** ENTRIES PROVIDED follows **
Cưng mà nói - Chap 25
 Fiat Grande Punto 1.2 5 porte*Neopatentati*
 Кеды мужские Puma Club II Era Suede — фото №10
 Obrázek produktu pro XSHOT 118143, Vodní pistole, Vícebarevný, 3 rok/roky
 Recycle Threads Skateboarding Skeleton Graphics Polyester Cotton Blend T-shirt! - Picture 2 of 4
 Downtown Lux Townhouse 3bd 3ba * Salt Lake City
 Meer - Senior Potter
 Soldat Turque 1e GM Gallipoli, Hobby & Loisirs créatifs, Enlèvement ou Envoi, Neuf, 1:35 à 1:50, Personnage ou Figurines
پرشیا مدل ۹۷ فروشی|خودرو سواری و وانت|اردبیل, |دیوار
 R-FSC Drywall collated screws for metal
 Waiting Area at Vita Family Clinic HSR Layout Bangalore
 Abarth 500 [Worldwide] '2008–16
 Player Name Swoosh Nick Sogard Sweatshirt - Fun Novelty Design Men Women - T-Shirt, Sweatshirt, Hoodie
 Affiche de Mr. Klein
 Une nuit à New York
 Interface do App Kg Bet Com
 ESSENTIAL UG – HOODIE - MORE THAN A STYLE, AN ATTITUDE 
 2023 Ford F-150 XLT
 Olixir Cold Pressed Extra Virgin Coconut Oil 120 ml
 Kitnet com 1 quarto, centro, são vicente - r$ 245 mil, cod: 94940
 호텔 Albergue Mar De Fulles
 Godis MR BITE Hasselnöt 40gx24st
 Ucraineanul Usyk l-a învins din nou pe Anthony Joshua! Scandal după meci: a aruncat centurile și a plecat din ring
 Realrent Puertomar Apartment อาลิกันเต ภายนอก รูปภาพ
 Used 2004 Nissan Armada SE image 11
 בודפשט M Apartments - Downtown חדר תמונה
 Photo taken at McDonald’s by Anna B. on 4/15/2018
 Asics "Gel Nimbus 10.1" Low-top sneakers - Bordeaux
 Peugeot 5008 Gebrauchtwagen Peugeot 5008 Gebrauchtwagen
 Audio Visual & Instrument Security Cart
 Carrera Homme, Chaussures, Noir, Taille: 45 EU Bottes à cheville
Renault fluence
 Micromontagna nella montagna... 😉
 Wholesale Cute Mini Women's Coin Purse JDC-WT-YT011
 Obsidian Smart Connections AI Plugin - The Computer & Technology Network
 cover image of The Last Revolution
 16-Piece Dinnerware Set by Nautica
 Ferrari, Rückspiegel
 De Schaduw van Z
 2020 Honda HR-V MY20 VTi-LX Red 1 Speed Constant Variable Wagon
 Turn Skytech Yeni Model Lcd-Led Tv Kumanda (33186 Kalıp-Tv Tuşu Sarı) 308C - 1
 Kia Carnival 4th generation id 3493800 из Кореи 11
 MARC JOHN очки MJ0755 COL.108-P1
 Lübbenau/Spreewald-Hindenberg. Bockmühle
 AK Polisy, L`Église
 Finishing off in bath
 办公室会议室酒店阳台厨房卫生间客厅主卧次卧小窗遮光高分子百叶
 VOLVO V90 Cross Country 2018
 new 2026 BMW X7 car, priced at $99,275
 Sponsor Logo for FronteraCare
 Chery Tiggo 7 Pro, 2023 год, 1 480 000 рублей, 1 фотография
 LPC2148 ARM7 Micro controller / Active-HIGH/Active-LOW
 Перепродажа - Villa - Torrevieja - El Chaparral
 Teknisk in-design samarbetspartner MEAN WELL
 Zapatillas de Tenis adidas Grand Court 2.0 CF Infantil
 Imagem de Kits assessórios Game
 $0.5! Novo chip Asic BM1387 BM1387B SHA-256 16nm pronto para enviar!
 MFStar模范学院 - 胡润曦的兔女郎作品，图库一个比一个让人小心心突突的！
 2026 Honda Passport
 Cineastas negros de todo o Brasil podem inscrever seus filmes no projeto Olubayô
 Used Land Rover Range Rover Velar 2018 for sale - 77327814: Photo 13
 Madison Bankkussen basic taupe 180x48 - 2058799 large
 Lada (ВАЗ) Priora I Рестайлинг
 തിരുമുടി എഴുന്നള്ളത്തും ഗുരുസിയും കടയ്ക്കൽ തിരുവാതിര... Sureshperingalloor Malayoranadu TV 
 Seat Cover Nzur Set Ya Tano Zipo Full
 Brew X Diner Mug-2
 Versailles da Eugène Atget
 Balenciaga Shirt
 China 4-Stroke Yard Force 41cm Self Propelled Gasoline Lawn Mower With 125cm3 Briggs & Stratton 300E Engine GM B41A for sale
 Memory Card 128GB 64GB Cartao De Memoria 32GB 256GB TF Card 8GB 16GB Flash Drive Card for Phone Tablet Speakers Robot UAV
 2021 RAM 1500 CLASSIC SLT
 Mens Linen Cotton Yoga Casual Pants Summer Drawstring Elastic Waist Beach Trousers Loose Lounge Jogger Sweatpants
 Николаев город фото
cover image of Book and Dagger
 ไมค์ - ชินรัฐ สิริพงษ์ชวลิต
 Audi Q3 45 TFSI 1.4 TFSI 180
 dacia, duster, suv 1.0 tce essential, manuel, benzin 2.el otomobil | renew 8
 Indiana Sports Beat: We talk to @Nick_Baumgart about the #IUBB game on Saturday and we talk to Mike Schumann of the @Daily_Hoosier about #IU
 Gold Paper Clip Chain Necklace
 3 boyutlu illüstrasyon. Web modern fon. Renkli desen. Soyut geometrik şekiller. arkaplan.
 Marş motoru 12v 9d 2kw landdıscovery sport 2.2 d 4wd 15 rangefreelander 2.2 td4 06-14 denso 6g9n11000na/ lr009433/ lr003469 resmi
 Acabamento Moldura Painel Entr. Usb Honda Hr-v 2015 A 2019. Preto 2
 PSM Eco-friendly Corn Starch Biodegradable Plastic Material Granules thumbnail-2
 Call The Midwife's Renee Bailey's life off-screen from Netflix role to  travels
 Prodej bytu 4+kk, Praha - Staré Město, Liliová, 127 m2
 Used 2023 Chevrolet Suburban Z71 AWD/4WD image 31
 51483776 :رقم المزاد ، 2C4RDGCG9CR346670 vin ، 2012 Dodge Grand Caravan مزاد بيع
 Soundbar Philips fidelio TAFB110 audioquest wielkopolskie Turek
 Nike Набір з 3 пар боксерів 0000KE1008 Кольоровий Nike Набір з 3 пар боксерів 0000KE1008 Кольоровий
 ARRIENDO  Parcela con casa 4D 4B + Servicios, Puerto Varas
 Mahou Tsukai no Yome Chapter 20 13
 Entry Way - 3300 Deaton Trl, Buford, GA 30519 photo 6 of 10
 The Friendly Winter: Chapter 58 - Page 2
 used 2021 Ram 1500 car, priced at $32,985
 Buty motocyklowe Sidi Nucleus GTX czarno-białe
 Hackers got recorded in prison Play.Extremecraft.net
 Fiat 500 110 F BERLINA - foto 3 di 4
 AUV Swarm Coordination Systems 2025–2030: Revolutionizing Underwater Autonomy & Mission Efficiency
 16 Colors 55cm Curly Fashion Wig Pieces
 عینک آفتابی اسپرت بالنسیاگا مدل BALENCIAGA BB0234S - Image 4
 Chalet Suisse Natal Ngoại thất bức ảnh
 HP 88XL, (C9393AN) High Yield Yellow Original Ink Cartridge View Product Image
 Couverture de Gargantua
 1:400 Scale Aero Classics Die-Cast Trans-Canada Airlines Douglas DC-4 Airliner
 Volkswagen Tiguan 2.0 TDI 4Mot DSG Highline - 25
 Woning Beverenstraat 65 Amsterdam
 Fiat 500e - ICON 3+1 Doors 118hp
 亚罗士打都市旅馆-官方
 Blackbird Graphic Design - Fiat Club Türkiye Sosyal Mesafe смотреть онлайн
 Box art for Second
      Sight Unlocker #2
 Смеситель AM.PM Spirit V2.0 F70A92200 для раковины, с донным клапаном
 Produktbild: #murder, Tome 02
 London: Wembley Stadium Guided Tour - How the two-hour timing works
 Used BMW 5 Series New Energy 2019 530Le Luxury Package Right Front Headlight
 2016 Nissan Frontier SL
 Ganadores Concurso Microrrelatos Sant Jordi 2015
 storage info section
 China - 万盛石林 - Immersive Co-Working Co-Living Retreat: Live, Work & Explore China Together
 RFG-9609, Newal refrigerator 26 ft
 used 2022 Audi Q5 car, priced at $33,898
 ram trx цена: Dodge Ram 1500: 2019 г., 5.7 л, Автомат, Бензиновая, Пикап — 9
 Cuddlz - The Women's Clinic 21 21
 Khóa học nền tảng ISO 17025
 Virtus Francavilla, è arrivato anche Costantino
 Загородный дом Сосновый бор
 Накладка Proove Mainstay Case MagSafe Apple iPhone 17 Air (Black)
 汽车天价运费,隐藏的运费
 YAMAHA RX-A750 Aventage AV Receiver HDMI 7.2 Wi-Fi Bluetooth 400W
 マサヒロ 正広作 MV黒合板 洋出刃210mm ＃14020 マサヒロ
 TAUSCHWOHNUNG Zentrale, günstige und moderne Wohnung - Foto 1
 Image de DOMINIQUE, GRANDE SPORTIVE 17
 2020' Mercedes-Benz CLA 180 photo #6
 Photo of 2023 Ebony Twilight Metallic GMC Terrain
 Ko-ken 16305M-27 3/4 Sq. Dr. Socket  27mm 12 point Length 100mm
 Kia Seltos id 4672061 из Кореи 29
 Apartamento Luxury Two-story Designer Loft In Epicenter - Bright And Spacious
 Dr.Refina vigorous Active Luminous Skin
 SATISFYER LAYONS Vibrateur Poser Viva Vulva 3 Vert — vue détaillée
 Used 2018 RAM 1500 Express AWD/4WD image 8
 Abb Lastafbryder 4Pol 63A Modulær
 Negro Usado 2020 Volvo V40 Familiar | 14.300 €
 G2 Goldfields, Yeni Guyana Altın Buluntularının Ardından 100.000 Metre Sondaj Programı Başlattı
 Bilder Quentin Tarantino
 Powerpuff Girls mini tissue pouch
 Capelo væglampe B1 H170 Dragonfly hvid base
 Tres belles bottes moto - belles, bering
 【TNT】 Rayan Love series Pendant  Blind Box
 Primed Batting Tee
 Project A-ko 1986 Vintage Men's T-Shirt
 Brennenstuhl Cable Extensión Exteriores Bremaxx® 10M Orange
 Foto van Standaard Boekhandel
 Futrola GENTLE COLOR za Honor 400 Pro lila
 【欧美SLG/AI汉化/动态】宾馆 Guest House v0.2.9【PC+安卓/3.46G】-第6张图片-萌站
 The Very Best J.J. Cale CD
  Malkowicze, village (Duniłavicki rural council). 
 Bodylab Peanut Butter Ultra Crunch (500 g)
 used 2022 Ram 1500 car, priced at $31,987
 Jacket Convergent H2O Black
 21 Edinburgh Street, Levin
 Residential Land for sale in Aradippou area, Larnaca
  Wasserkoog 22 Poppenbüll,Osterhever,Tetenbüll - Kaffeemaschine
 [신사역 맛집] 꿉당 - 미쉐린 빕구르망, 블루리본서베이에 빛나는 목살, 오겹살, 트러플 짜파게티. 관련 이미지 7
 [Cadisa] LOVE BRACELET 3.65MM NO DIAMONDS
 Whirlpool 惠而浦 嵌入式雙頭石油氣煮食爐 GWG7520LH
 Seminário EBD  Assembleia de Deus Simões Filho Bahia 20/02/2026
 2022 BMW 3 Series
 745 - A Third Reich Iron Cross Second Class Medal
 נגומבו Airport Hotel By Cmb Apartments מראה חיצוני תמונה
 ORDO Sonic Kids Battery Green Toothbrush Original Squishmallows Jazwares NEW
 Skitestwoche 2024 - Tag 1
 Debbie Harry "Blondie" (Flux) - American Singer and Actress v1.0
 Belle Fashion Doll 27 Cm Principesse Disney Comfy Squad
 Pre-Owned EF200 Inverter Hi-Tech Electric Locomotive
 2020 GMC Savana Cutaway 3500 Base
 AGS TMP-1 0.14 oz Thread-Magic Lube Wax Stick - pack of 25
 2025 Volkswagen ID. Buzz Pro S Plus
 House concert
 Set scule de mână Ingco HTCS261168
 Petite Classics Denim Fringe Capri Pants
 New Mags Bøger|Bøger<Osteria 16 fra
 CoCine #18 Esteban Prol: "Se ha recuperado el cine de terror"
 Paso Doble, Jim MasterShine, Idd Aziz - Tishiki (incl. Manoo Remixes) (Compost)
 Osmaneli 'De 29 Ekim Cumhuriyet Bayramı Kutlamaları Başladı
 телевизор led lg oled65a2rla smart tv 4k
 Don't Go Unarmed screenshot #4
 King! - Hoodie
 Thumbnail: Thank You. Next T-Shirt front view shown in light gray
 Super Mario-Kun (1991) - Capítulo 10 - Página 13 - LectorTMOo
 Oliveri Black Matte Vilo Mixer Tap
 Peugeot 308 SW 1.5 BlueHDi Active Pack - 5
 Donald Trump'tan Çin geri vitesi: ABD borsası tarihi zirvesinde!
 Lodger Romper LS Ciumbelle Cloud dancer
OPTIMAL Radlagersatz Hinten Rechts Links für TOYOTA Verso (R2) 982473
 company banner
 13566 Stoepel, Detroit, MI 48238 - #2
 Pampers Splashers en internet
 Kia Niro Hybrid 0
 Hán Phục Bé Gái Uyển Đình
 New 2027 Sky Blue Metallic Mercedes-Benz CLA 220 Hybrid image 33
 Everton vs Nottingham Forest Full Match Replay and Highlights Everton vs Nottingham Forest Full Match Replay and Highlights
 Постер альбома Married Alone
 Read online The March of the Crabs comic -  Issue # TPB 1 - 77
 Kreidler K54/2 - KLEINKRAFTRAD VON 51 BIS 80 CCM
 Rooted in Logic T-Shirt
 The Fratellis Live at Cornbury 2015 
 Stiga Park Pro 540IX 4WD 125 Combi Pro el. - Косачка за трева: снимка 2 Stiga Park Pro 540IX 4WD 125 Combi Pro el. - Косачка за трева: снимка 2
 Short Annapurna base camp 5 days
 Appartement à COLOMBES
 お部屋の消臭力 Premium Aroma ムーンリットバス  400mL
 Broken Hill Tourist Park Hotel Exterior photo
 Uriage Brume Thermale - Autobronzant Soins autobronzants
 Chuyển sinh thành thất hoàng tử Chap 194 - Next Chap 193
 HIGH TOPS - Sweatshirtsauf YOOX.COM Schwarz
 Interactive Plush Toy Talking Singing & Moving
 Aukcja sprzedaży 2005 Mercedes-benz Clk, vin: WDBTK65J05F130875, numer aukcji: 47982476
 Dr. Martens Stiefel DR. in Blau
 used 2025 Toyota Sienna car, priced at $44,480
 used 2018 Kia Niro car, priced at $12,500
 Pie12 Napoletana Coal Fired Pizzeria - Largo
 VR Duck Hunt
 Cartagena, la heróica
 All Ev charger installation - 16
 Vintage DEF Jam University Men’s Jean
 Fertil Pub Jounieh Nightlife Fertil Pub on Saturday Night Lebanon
** End of ENTRIES PROVIDED **
• **EXERCISE REQUIREMENTS**
Copy all lines from the data that hold the word "Downtown".

• **ANSWER BOX**
 Downtown Lux Townhouse 3bd 3ba * Salt Lake City
 בודפשט M Apartments - Downtown חדר תמונה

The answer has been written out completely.